YOUR ASSIGNMENT → In the entries below, find the line with "Banner collage image" and the line with "12 Pcs Christmas". Repeat exactly everything between them, those two lines included, but not the pictures.

GIVEN RECORDS →
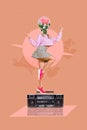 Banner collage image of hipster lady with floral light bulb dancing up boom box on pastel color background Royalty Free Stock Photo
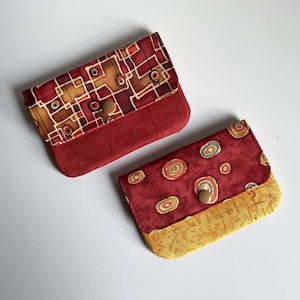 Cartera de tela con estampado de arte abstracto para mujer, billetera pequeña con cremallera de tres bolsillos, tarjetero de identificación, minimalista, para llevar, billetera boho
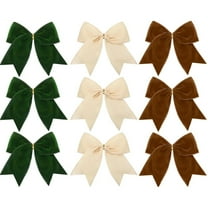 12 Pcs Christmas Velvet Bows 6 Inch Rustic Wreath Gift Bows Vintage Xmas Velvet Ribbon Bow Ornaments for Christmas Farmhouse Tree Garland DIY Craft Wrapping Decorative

* * *

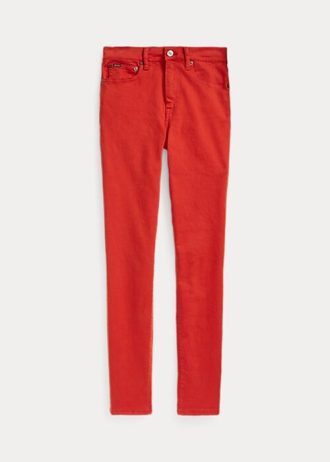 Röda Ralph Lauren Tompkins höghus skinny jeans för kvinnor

RESULT OF THE EXERCISE →
 Banner collage image of hipster lady with floral light bulb dancing up boom box on pastel color background Royalty Free Stock Photo
 Cartera de tela con estampado de arte abstracto para mujer, billetera pequeña con cremallera de tres bolsillos, tarjetero de identificación, minimalista, para llevar, billetera boho
 12 Pcs Christmas Velvet Bows 6 Inch Rustic Wreath Gift Bows Vintage Xmas Velvet Ribbon Bow Ornaments for Christmas Farmhouse Tree Garland DIY Craft Wrapping Decorative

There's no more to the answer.